Red then goes out to do some black-market dealing for some of the wonders he's found in the Zone, only to get caught. The section ends with him making a call to his wife, trying to arrange for her well-being while he's imprisoned.

The third section shifts focus to one Richard H Noonan, a businessman involved in supplying electronics to the bureau that investigates the Harmont Zone. This section provides us with a very different view on the phenomenon of the Zone and the alien trash that is found within it. In the end of this section Redrick reappears, as Noonan is trying to obtain access to the Monkey and investigate the nature of her mutations.

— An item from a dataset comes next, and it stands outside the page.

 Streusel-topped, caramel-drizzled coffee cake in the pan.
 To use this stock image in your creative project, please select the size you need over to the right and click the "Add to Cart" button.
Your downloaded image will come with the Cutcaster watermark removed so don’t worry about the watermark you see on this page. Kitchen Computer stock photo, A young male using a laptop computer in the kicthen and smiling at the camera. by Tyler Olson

The fourth and final section returns to Red, now out of prison and making one last run into the Zone, this time with Burbridge's handsome young son Arthur. This time they are seeking the Golden Sphere which Burbridge had supposedly found but was unable to bring back with him. In the process, Red realizes not only how the Golden Sphere works, but also just how Burbridge survived when so many others did not. And then we are left with the magnificently ambiguous ending, which leaves us wondering whether Red succeeded or failed. Did he grant peace and happiness to all humanity, or was he found wanting and devoured by an object that clearly had some purpose for the aliens who created it, but is intensely inimical to human life?

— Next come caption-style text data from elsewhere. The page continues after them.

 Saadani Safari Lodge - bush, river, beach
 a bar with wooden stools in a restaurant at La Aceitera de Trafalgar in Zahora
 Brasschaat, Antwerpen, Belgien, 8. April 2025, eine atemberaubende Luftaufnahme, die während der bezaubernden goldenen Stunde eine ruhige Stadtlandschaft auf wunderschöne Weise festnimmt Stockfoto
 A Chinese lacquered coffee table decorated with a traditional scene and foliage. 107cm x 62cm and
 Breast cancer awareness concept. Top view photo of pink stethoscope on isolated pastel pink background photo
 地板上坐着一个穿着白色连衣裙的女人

The book closes with an Afterword by Boris Strugatsky, in which he discusses the various problems he and his brother had in dealing with Soviet censors, who put forth endless objections, ranging from violence and vulgarity to immoral behavior on the part of various characters. In the end, they had to surrender on some minor stylistic changes, but were finally able to convince the Soviet literary establishment to allow publication on the grounds that they were portraying the malign and destructive nature of a "late-stage capitalist society," which fitted into the censors' Marxist worldview sufficiently to be acceptable.